Money buys anything in America.
Barack Obama has an awful lot. He is the most successful US Presidential fundraiser ever-he has pulled in over $600 million - and he's hit that mark in the most costly election campaign ever staged anywhere. When it's all over next week, the cost of this Presidential race - including the $1.6 billion raised privately by Obama and McCain, government funding and other costs such as the primaries - will around $5.3 billion. That is about three times the value of New Zealand's yearly meat and dairy exports to the US - it's second largest market.

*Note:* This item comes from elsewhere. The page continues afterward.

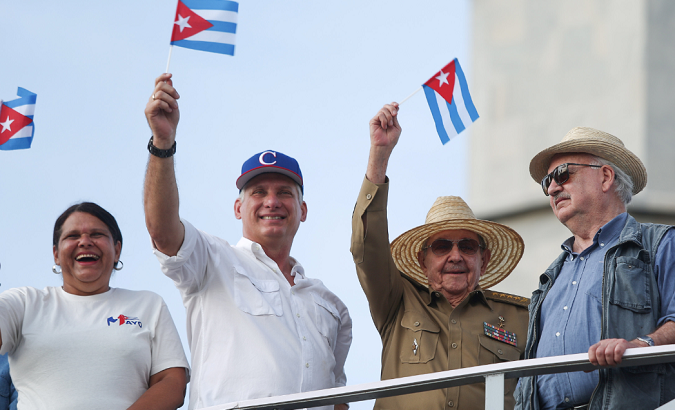 Cuba's Secretary of the Communist Party in Havana Lazara Mercedes Lopez (L), Cuba's President Miguel Diaz-Canel (2-L), the first Secretary of the Communist Party and former President Raul Castro (2-R),and pre12-yearof the Communist Party of Chile Guillermo Teillier watch the May Day rally in Havana, Cuba. Photo: Reuters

Campaign finance experts have already classified this contest as one of the transformational elections that will dramatically change the way politicians pay for future campaigns. They predict that days of the $1000 a plate dinner are gone. In will come the $30,000 a plate bash - the kind of select event that the world's richest man, Warren Buffet hosted for Obama. But the vast bulk of the money will come from where Barack Obama found his - micro donors who give over the internet
Not since the billionaire , Ross Perot, ran in 1992, has a Presidential candidate had the money to buy himself a half hour of prime time across America one week before polling day.
Last month alone, Obama raised $150 million, shattering the $66 million single-month record (also his own) and re-shaping the perception of the fundraising potential for a presidential candidate in the internet age. This brings Obama's total to more than $600 million, $95.7 million short of the $695.7 million the Democrat contender, John Kerry and President Bush raised between them in the 2004 election.
So what has changed so dramatically to push the numbers through the roof this time? Barack Obama would have you believe that a groundswell of small donors , using the internet to make modest enough donations to his campaign, is the main reason. That's true enough - but not the whole story.
More important was a savvy decision on his part early in the contest to opt out of the American system that gives candidates access to tens of millions of state dollars for their campaigns - provided they accept some caps. He argued that running a campaign for the White House based on small contributions achieved what the public election financing system could not; curb the influence of rich outside interest groups. Obama has actually made a virtue to the American people in hauling record shattering amounts of money - without spending caps.
But because McCain opted into the public finance system, August was the last month he could raise private funds. The decision also means he cannot spend anymore than $84 million in public money on his campaign.
So Barack Obama's belief that the support for him of small donors across America would more than justify his decision to refuse public funds has proved spectacularly correct. He's found more than three million individual donors. But he's also picked up the lion's share of the big corporate and institutional donors. Wall Steet bankers are McCain's biggest donors with Merrill Lynch the single largest at $350,000. But Obama has picked up nearly twice that amount in a single donation from Harvard University and an equal sum from Wall Street's Goldman Sachs.
Money buys everything - even Presidents.